Dalam berkreativitas, Putri Koster melanjutkan, mereka yang bergerak dalam usaha salon dan tata rias diharapkan tetap berpedoman pada dua hal, yaitu upaya pelestarian dan pengembangan budaya Bali. "Jangan sampai keduanya berbenturan.
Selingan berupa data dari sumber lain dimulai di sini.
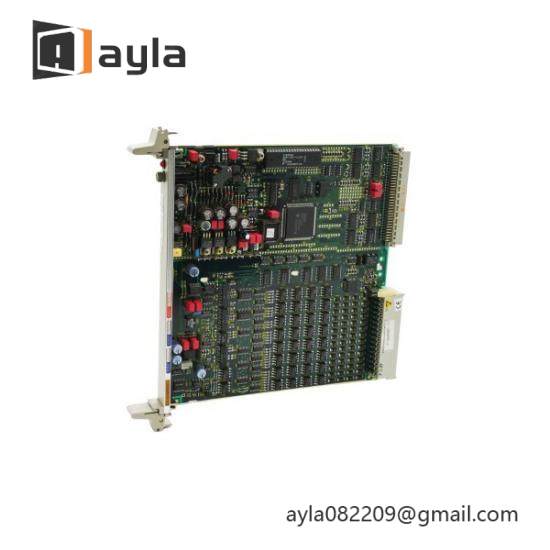 Siemens 6DP1232-7AA Analog Module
Ketiga organisasi harus bersinergi dalam dua ruang ini, yaitu pelestarian dan pengembangan," katanya.
Masih terkait busana pengantin, Putri Koster meminta kepada pelaku usaha tata rias yang menyewakan busana agar menggunakan kain songket hasil tenun, bukan bordiran yang belakangan banyak beredar di pasaran. "Kita harus ambil bagian dalam upaya pelestarian tenun tradisional Bali," ucap wanita yang juga seniman multitalenta itu.
Di sisi lain, dia juga mendorong adanya diskusi kelompok terfokus (FGD) tiga organisasi yang begerak dalam usaha tata rias dan salon sehingga ada satu pemahaman dalam upaya pelestarian dan pengembangan. OPD terkait pun diminta merancang payung hukum agar keberadaan seluruh pengusaha salon dan tata rias bisa diwadahi untuk mencegah perang harga.
"Selain itu, payung hukum ini juga dibutuhkan untuk mencegah malapraktik dalam dunia kecantikan karena belakangan banyak wanita yang ingin kulitnya jadi lebih putih atau hidung mancung," katanya.
Padahal, belum tentu sebuah produk yang ditawarkan salon kecantikan aman bagi mereka. Yang ada, bukannya tambah cantik, malah sebaliknya.